Genfluss von Indien nach Australien vor 4.000 Jahren

Lange vor der europäischen Besiedlung wanderten Menschen vom indischen Subkontinent in Australien ein und vermischten sich mit den Aborigines

17.01.2013 - Deutschland

Bisher ging man davon aus, dass Australien zwischen seiner ursprünglichen Besiedlung vor etwa 40.000 Jahren und der Ankunft von Europäern im späten 18. Jahrhundert größtenteils isoliert geblieben war. In einer neuen Studie belegen Wissenschaftler vom Max-Planck-Institut für evolutionäre Anthropologie in Leipzig jetzt einen substanziellen Genfluss zwischen indischen Populationen und Australiern vor etwa 4.000 Jahren. Darüber hinaus belegen die Forscher eine gemeinsame Herkunft von Populationen aus Australien, Neuguinea und den auf den Philippinen lebenden Mamanwa. Diese Populationen waren einer frühen südlichen Migrationsroute aus Afrika heraus gefolgt, während andere Populationen die Region erst zu einem späteren Zeitpunkt besiedelten.

© Gunter Senft/MPI f. Psycholinguistik

Vor 4000 Jahren war Australien nicht mehr mit dem Festland verbunden, wie es während der Eiszeit der Fall gewesen war. Die Neuankömmlinge kamen also per Schiff über das Meer.

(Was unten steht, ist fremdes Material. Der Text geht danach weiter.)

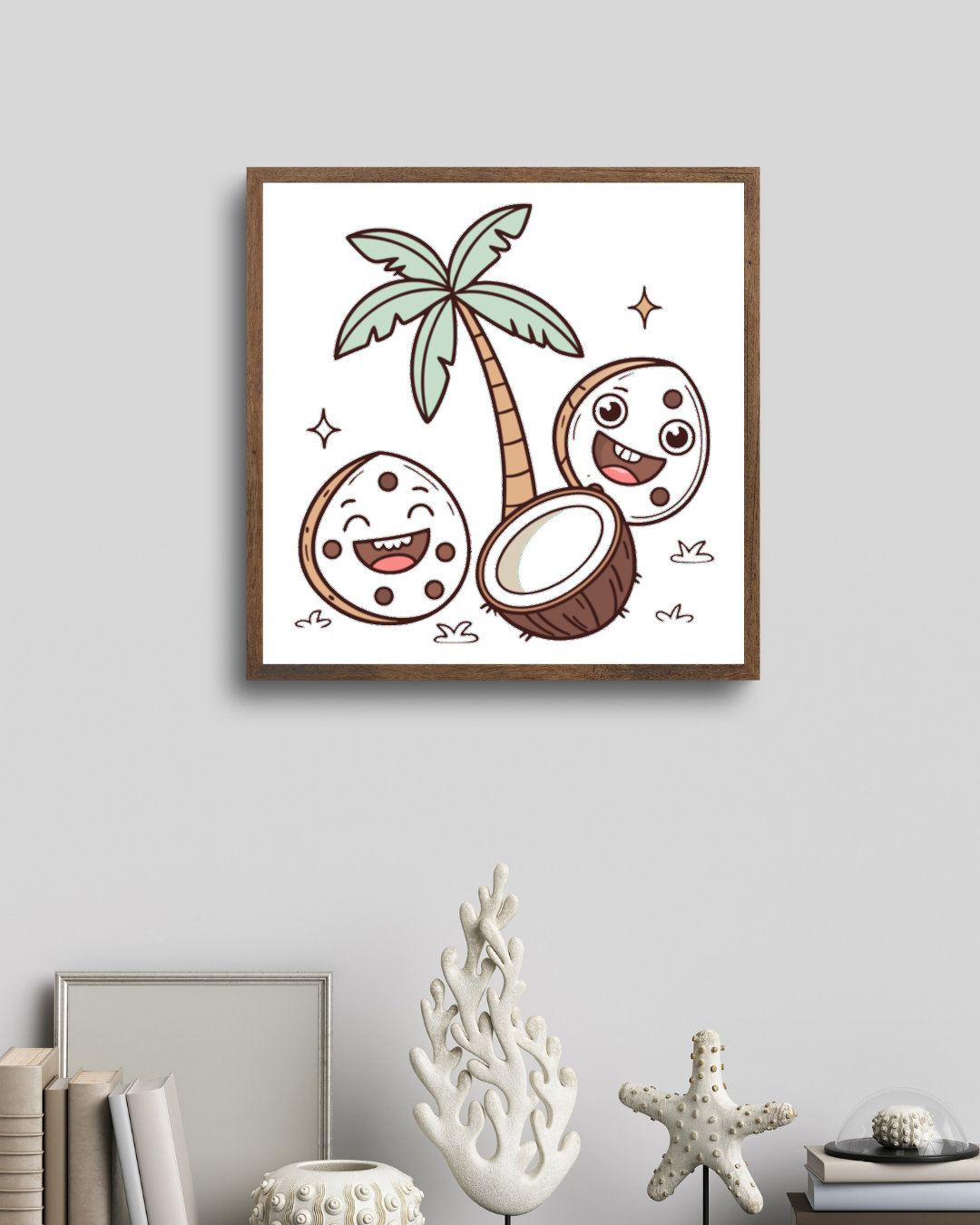 Cadre vibrant avec noix de coco cartoon joyeuses pour les aventuriers tropicaux
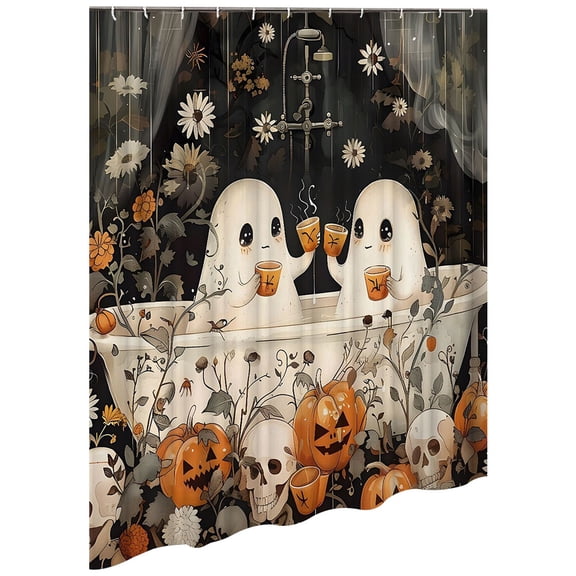 Cartoon Ghost Halloween Shower Curtain, 70x70 Inch Waterproof Polyester Bath Curtain, Spooky Festive Bathroom Decor (Style A)
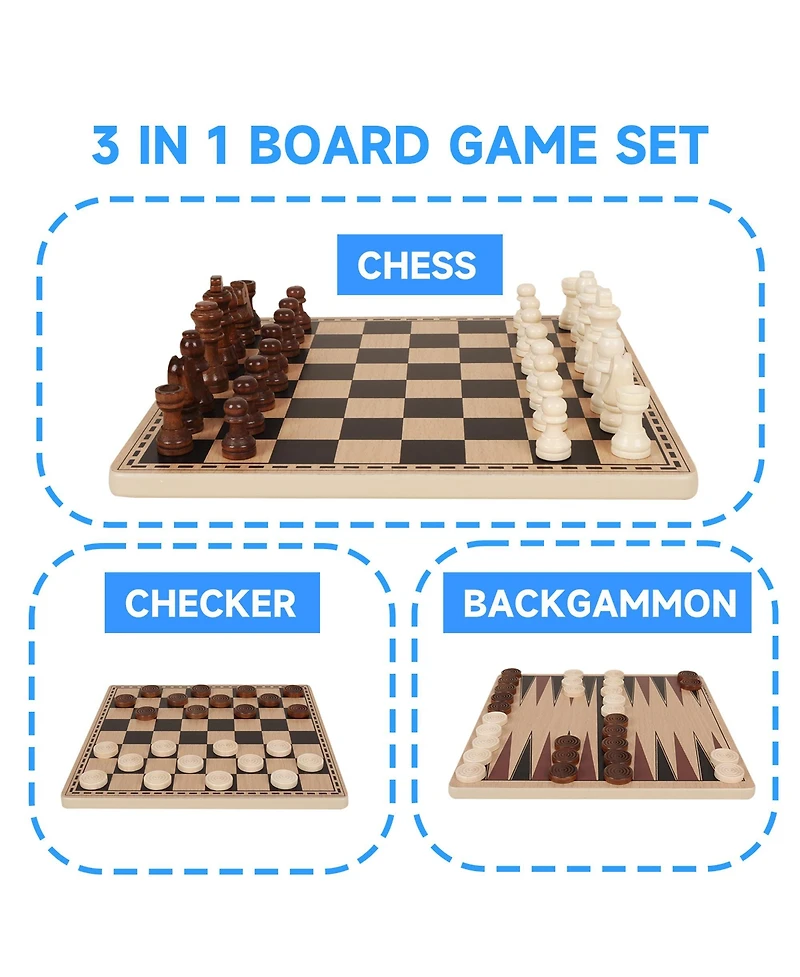 Gse Games & Sports Expert Premium 3-in-1 Carbon Fiber Folding Chess, Checkers & Backgammon Set by Gse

© MPI f. evolutionäre Anthropologie

Irina Pugach bei der Arbeit im Labor.

© Gunter Senft/MPI f. Psycholinguistik
© MPI f. evolutionäre Anthropologie

In Australien finden sich die frühesten archäologischen Belege für die Anwesenheit von modernen Menschen außerhalb Afrikas. Die frühesten Fundstätten werden auf ein Alter von wenigstens 45.000 Jahren datiert. Die australischen Aborigines zählen somit zu den ältesten kontinuierlich wachsenden Populationen außerhalb Afrikas. In Fachkreisen wird angenommen, dass es im Anschluss an die ursprüngliche Verbreitung von Menschen über die gemeinsame Landmasse Australien-Neuguinea (Sahul) und vor dem Eintreffen der Europäer im 18. Jahrhundert keinen Kontakt zwischen Australien und dem Rest der Welt gegeben hat.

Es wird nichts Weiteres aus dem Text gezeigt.